Math problem

You have ten identical open-topped boxes with 10 visually identical coins in each.

In nine of the boxes each of the 10 coins has a mass of 10g.
In one box the 10 coins have masses of only 9g each.

How can you find which box is the odd one out?You have a normal mass measurer with a single pan and a scale. With just one weighing you can identify the box with the lighter coins.

What will you weigh?

Reply 1

brianeverit

Original post by Zenarthra

You take 1 coin from the first box, 2 from the second, 3 from the third and so on.
and record the total weight

(edited 9 years ago)

Reply 2

Zenarthra

Original post by brianeverit

You take 1 coin from the first box, 2 from the second, 3 from the third and so on.
and record the total weight

I dont understand O_O?

Reply 3

the_chemist

When you say "one weighing" do you mean you can only take one measurement? Is this even possible? Cuz it seems pretty impossible

Reply 4

Kenan and Kel

Hope you get lucky first time round. If you don't, make balancing scales with the equipment left and use it to find the odd box against the original box measured. Boom!

Reply 5

brianeverit

Original post by Zenarthra

I dont understand O_O?

If the coins all weighed 10 gm then the total of the weigjhing would be 550 gm.
Suppose instead it was (550 -k) gm then the box trhat you took k coins from is the one with the lighter coins.

Reply 6

Zenarthra

Original post by brianeverit

If the coins all weighed 10 gm then the total of the weigjhing would be 550 gm.
Suppose instead it was (550 -k) gm then the box trhat you took k coins from is the one with the lighter coins.

Oh -.-
That was so simple *face palm

THanks!

Reply 7

Zenarthra

Original post by the_chemist

When you say "one weighing" do you mean you can only take one measurement? Is this even possible? Cuz it seems pretty impossible

I guess so xD

Reply 8

Zenarthra

Original post by Kenan and Kel

Hope you get lucky first time round. If you don't, make balancing scales with the equipment left and use it to find the odd box against the original box measured. Boom!

LOOL

Reply 9

the_chemist

Original post by Zenarthra

Oh -.-
That was so simple *face palm

THanks!

I thought you could only take one measurement? Isn't his method taking ten?

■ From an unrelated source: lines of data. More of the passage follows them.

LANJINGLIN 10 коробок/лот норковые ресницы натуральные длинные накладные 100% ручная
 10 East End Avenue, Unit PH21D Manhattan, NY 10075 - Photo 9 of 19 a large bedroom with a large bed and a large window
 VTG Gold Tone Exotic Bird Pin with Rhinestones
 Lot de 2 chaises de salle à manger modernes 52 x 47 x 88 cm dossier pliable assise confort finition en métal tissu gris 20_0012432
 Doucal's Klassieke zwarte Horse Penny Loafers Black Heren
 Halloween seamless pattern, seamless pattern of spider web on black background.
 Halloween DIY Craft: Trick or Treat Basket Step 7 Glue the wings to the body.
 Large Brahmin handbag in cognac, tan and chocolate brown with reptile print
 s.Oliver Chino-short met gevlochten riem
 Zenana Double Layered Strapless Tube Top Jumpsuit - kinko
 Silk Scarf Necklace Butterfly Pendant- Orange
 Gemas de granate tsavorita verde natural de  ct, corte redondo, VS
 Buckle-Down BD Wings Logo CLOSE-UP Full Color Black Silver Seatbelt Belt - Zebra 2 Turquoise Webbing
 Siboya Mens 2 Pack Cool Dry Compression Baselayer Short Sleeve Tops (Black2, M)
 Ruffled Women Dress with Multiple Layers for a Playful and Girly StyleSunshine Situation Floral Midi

EDIT: Or at least, more than one?

Reply 10

MathMeister

Isn't it because you can find out how many 9g coins you took out by taking increasing amounts of coins. Therefore, you know what box had the 9g coins.

Reply 11

MathMeister

Isn't it because you can find out how many 9g coins you took out by taking increasing amounts of coins. Therefore, you know what box had the 9g coins. You can find out how many 9g coins are taken out because if the 9g was in a different box, a different amount of 9g coins would be taken out and when you measure it would measure a different amount. You can calculate the weight and see how many 9g coins there are and thus what box it was in.

Reply 12

RoyalBlue7

If you don't mind it - where did you get this problem? :smile:

Reply 13

BabyMaths

Original post by the_chemist

I thought you could only take one measurement? Isn't his method taking ten?

EDIT: Or at least, more than one?

No. It's only one weighing.

Take 1 from the first, 2 from the second etc and weight them all together.

If they were all 10g then the result would be 10(1+2+3+...+10)=550

The actual result will be less by 1, 2, 3...or 10 depending which box held the light coins.